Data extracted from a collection
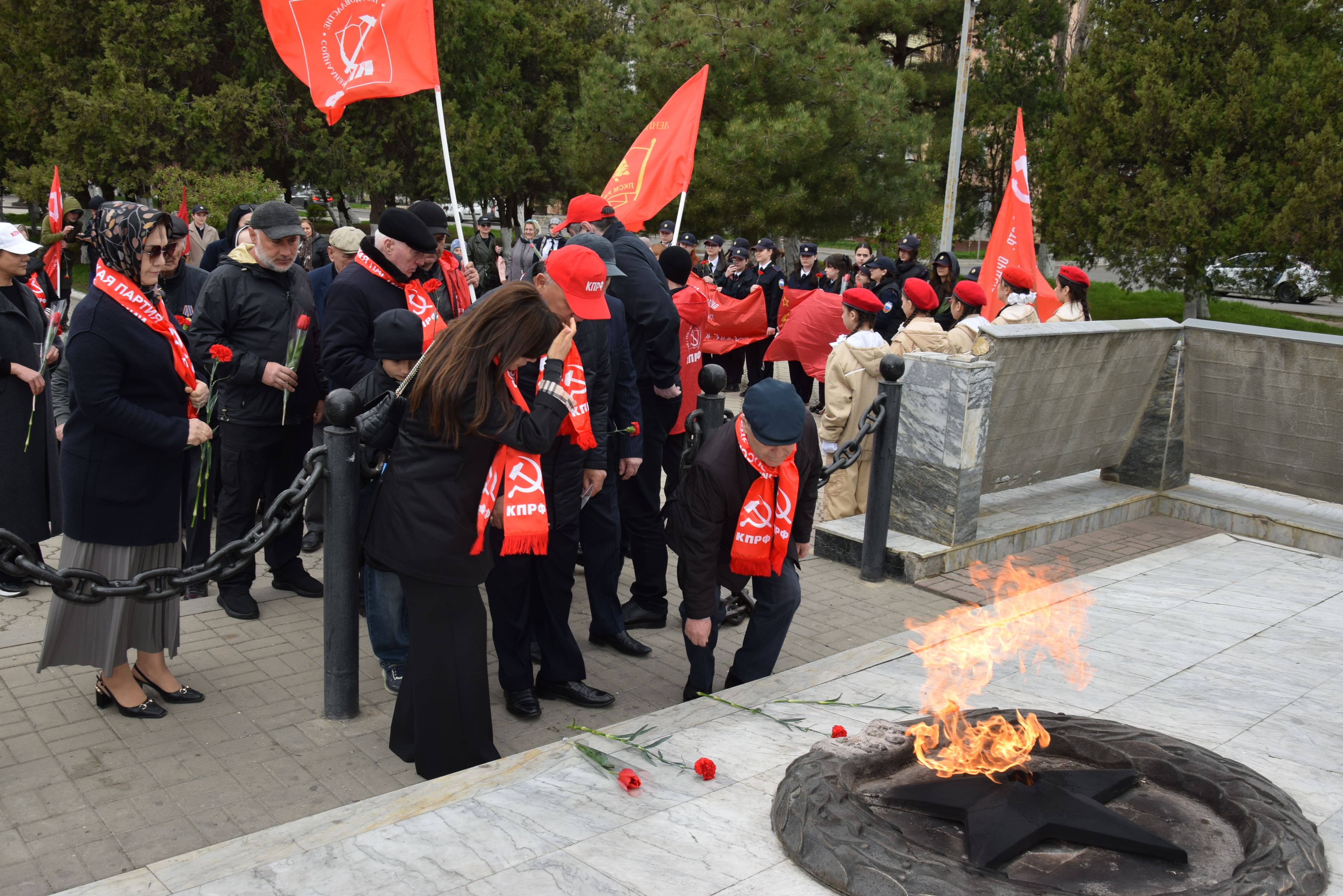Автопробег КПРФ в честь Дня космонавтики состоялся в Дагестане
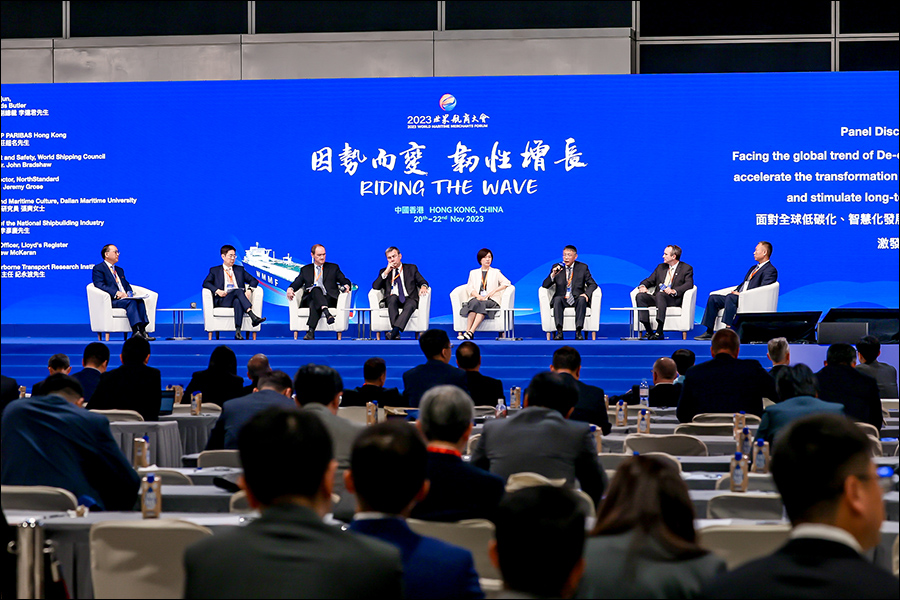 議題二：面對全球低碳化、智能化發(fā)展大勢，航運產(chǎn)業(yè)如何加快轉(zhuǎn)型升級，激發(fā)長遠(yuǎn)發(fā)展動能.jpg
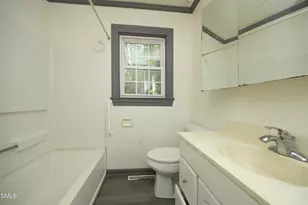 910 Parham St, Henderson, NC 27536 - Photo 14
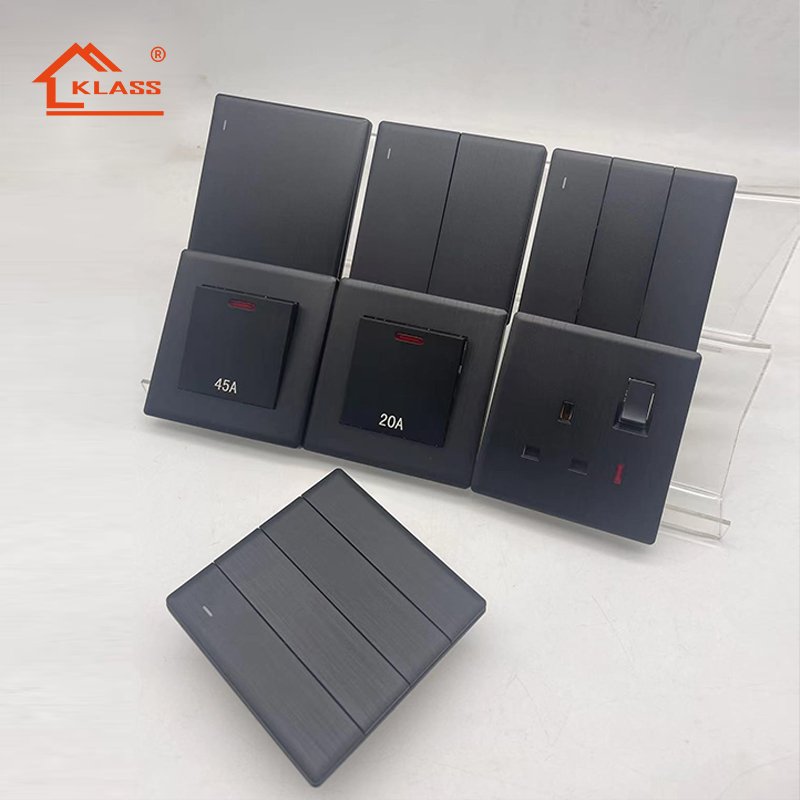 Black brushed wall modern smart light home electrical switch uk usa and usb socket brass in Middleast market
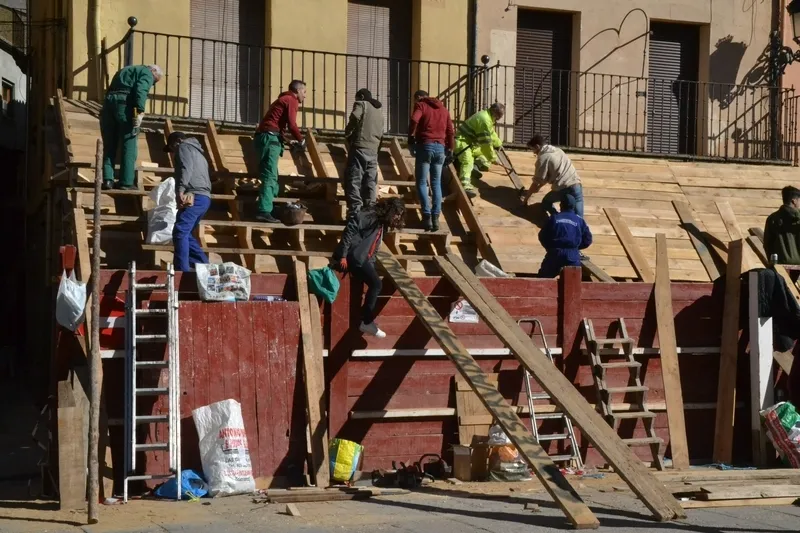Foto 5 - Prosigue con cada vez m&aacute;s j&oacute;venes el montaje de los tablaos, que estar&aacute;n un d&iacute;a m&aacute;s de lo habitual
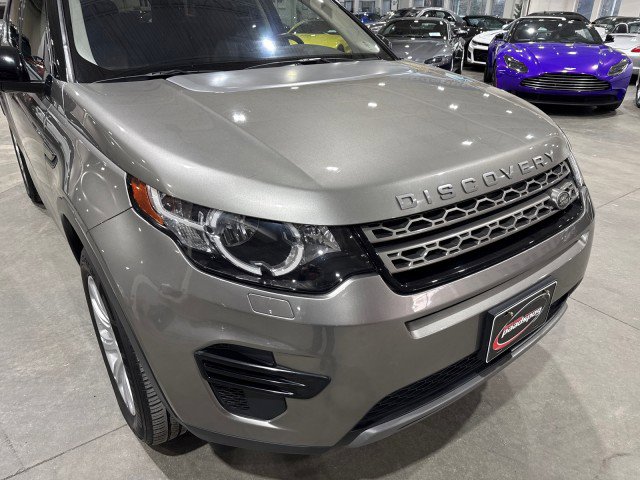 Used 2017 Land Rover Discovery Sport SE image 29
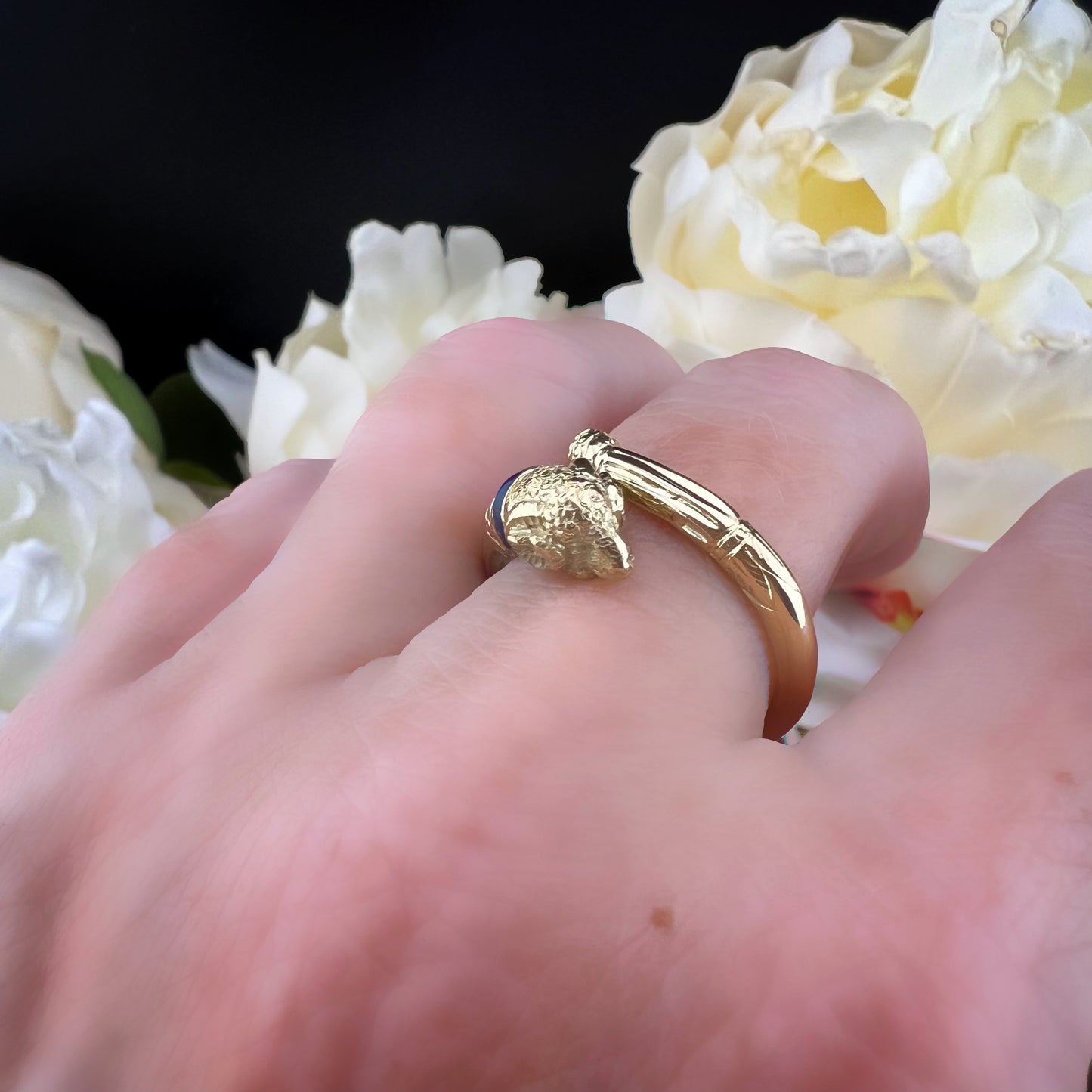 Anello vintage “animalier” in oro 18 k e smalto blu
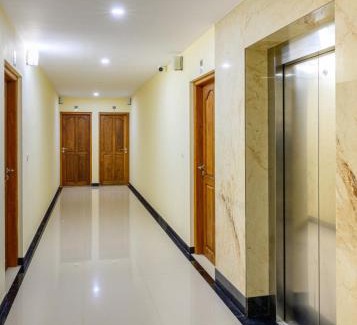 Nedumbassery Hotel | Elegant Daffodils Airport Suites with Pool & High Ratings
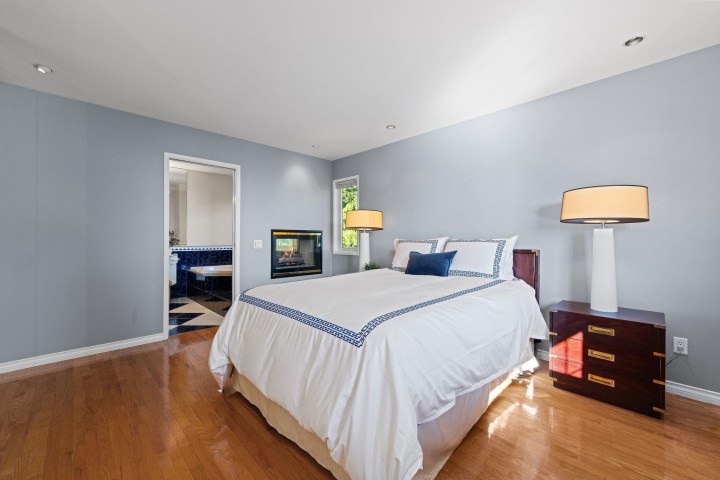 Photo 17 at 3845 Southridge Avenue, Bayridge, West Vancouver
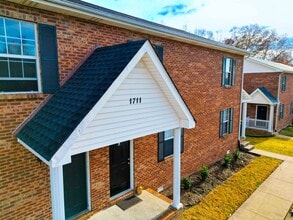 Building Photo - 1711 Baltimore Dr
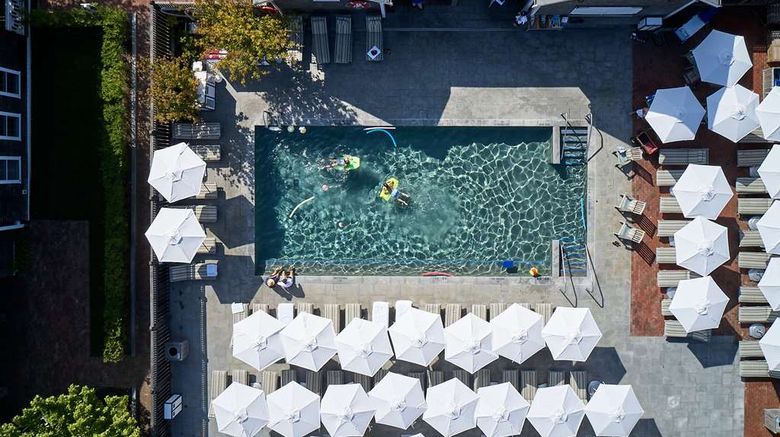 <b>White Elephant Pool</b>. Images powered by <a href="https://iceportal.shijigroup.com/" title="IcePortal" target="_blank">IcePortal</a>.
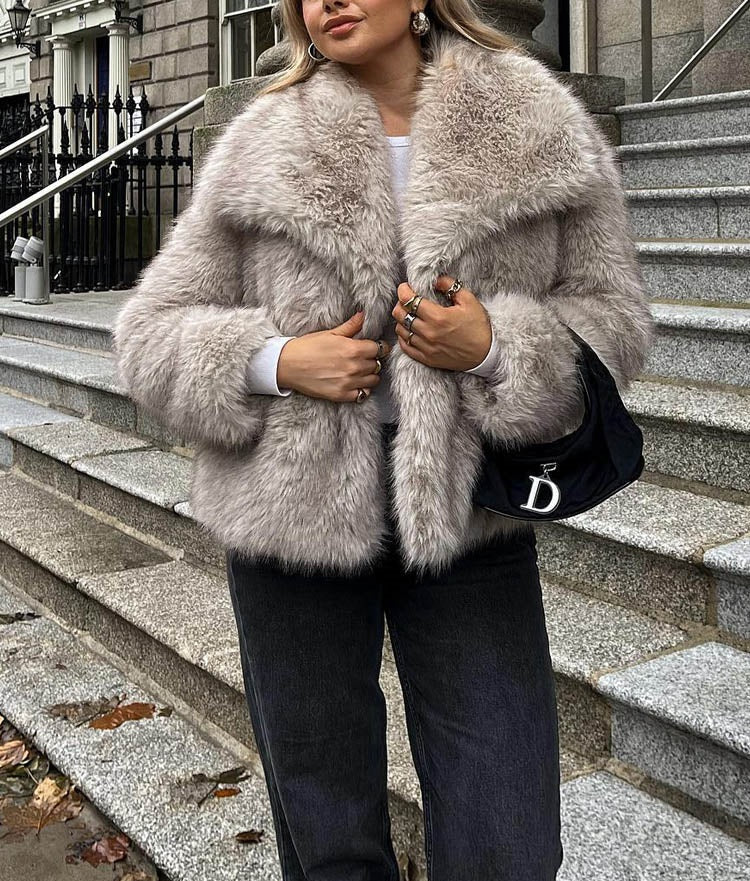 Women's beige faux fur jacket with wide collar and long sleeves
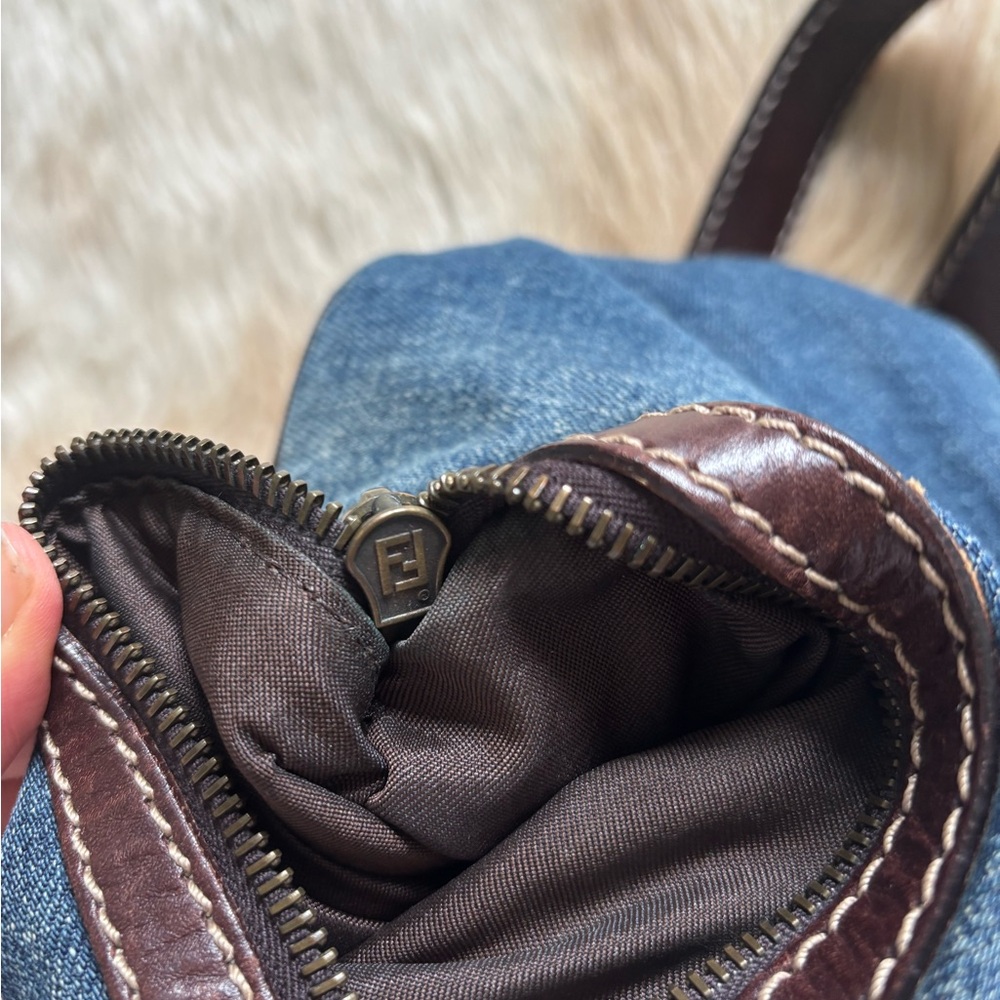 Fendi denim Oyster bag - Picture 6 of 12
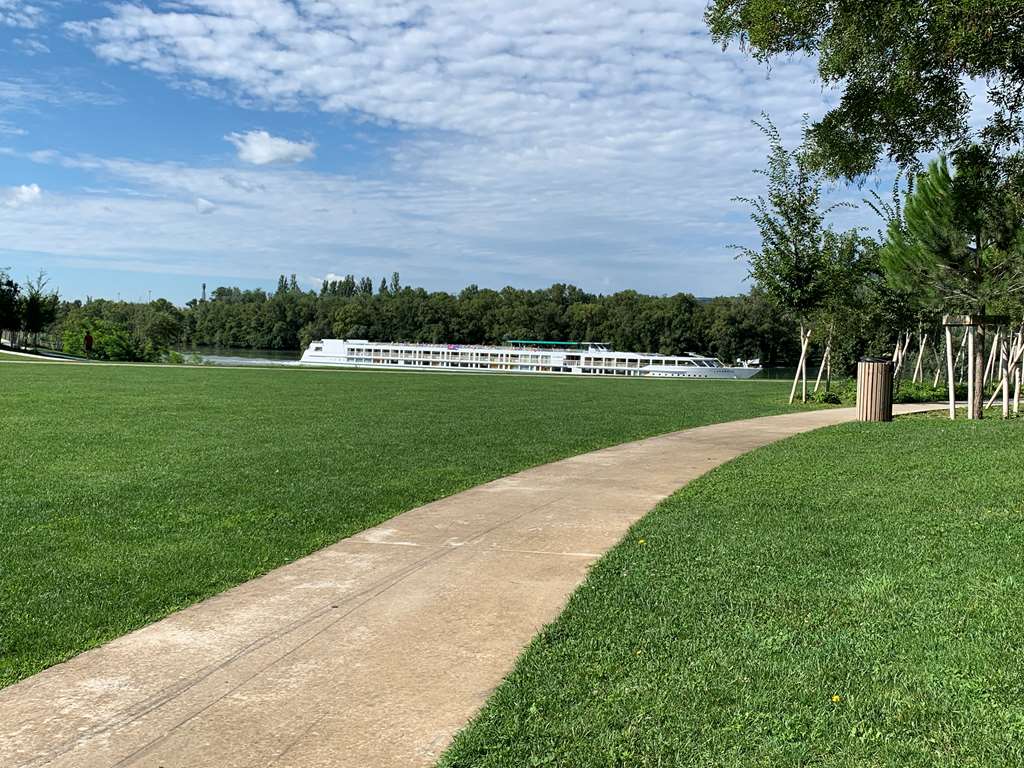 kyriad direct bourg les valence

■ **REQUIREMENT**
Your task is to repeat the data above exactly while excluding the pictures.

■ **RESPONSE AREA**
Автопробег КПРФ в честь Дня космонавтики состоялся в Дагестане
 議題二：面對全球低碳化、智能化發(fā)展大勢，航運產(chǎn)業(yè)如何加快轉(zhuǎn)型升級，激發(fā)長遠(yuǎn)發(fā)展動能.jpg
 910 Parham St, Henderson, NC 27536 - Photo 14
 Black brushed wall modern smart light home electrical switch uk usa and usb socket brass in Middleast market
Foto 5 - Prosigue con cada vez m&aacute;s j&oacute;venes el montaje de los tablaos, que estar&aacute;n un d&iacute;a m&aacute;s de lo habitual
 Used 2017 Land Rover Discovery Sport SE image 29
 Anello vintage “animalier” in oro 18 k e smalto blu
 Nedumbassery Hotel | Elegant Daffodils Airport Suites with Pool & High Ratings
 Photo 17 at 3845 Southridge Avenue, Bayridge, West Vancouver
 Building Photo - 1711 Baltimore Dr
 <b>White Elephant Pool</b>. Images powered by <a href="https://iceportal.shijigroup.com/" title="IcePortal" target="_blank">IcePortal</a>.
 Women's beige faux fur jacket with wide collar and long sleeves
 Fendi denim Oyster bag - Picture 6 of 12
 kyriad direct bourg les valence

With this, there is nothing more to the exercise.